WHAT TO DO: After finding "aputure-light-storm-ls-c300d-ii-v-mount--6971842180530_4.jpg" in the material below, output its line and every line after it through the last, exactly, but not the pictures.

RAW DATA:
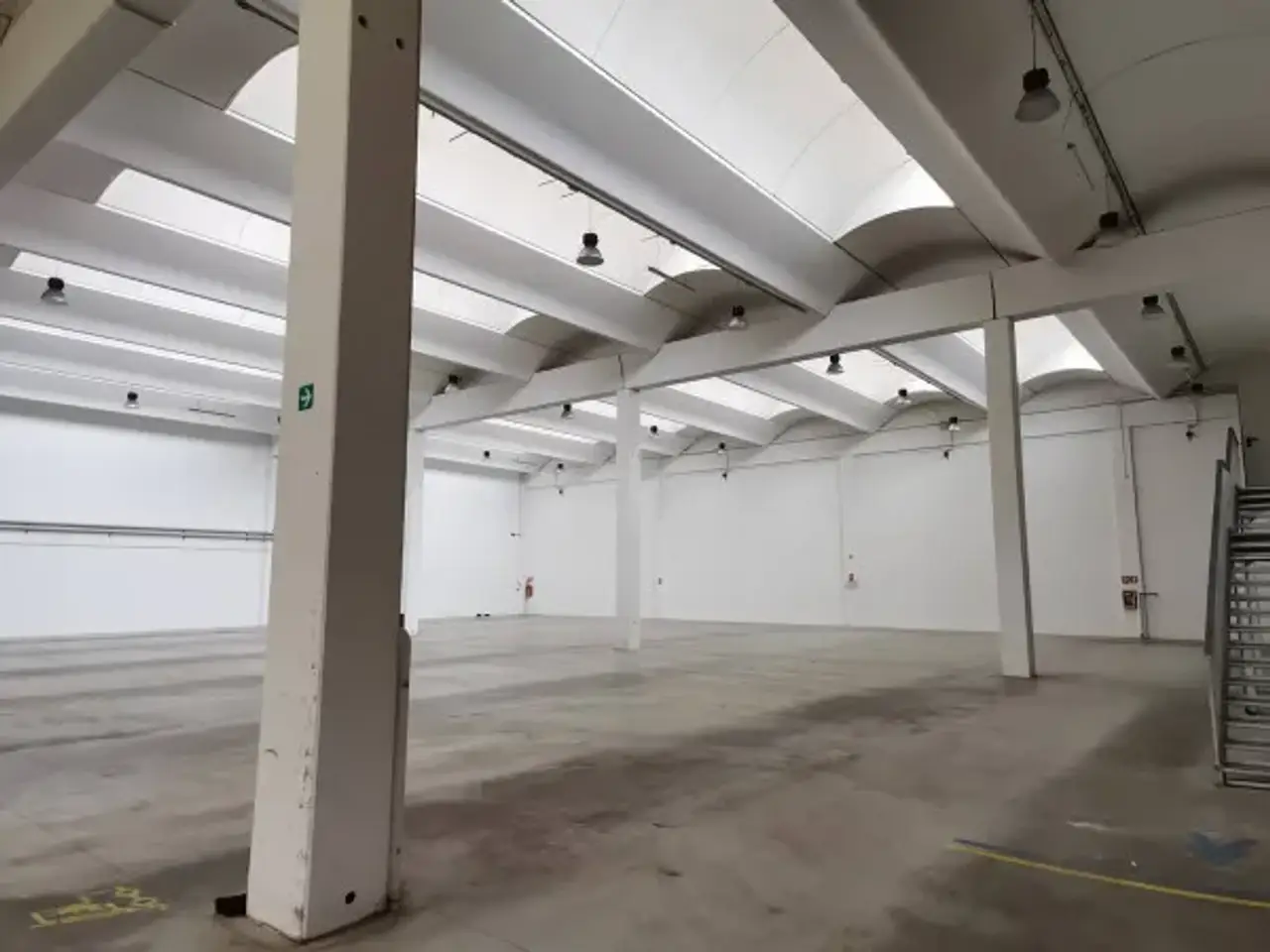 Magazzino in Strada Provinciale Paullese, Peschiera Borromeo, {3} - Foto 1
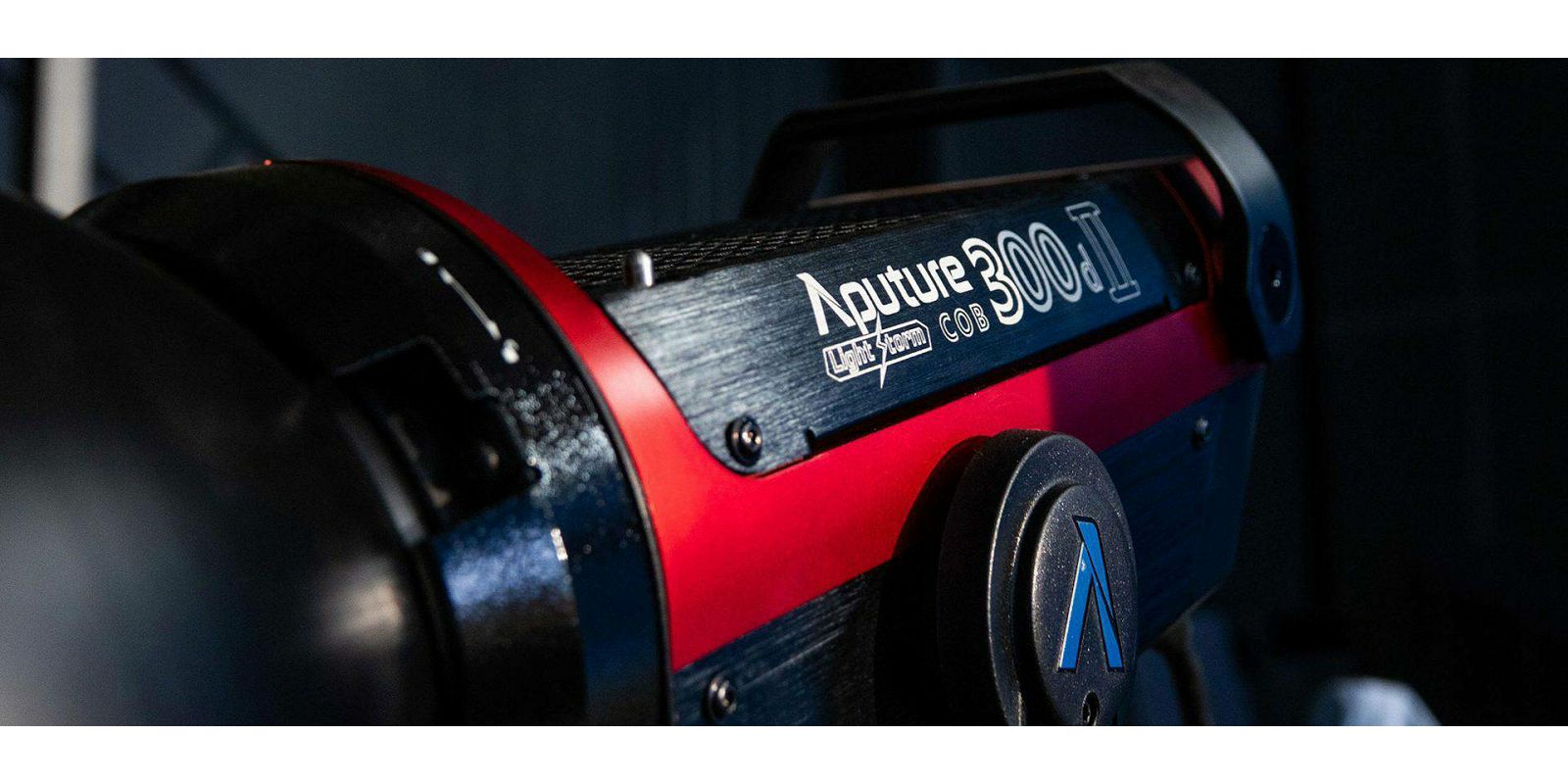 aputure-light-storm-ls-c300d-ii-v-mount--6971842180530_4.jpg
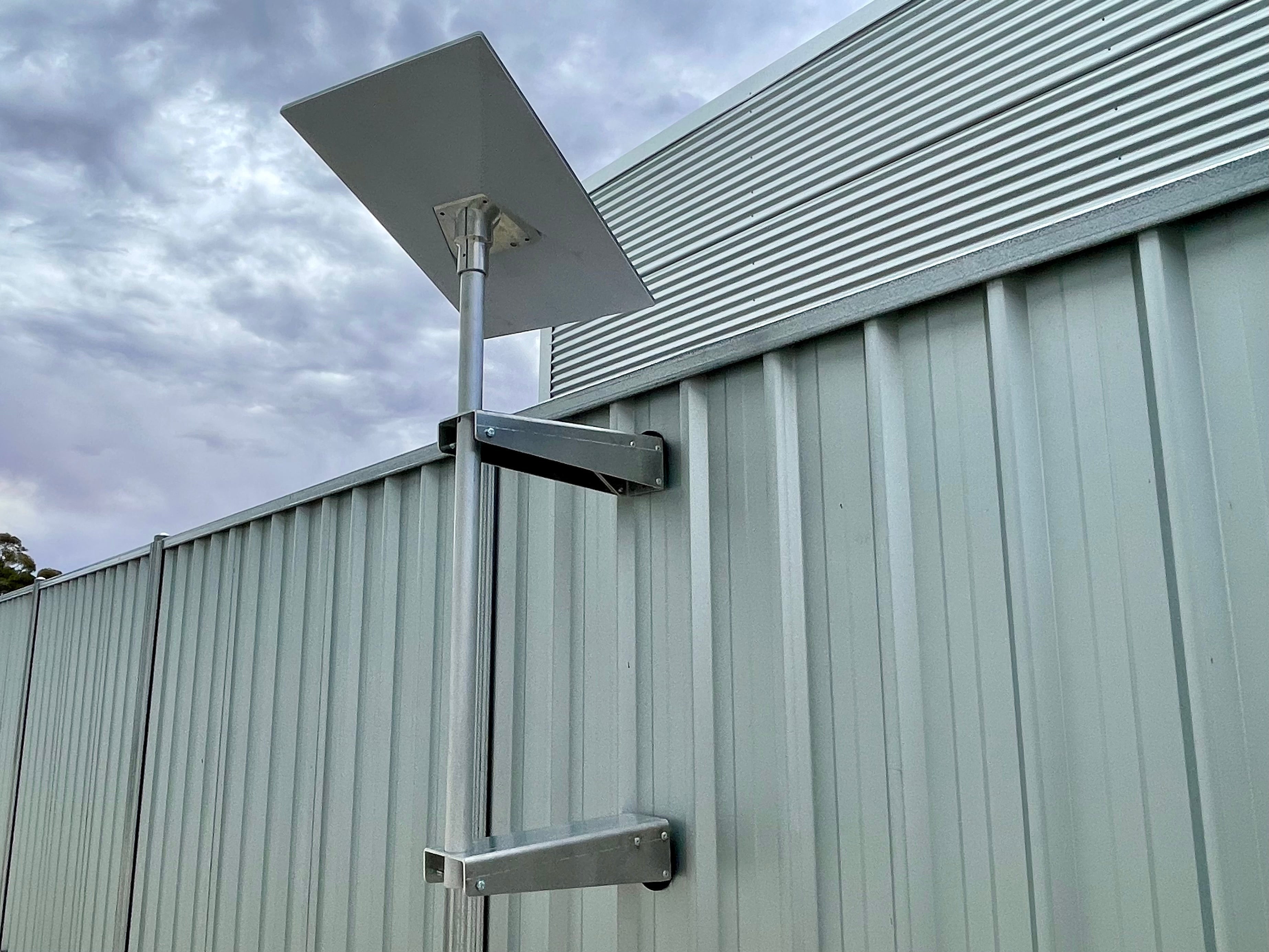 Starlink Atco / Demountable / Site Hut Wall Mount - Gen 3 SpaceTek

WRITTEN SOLUTION:
 aputure-light-storm-ls-c300d-ii-v-mount--6971842180530_4.jpg
 Starlink Atco / Demountable / Site Hut Wall Mount - Gen 3 SpaceTek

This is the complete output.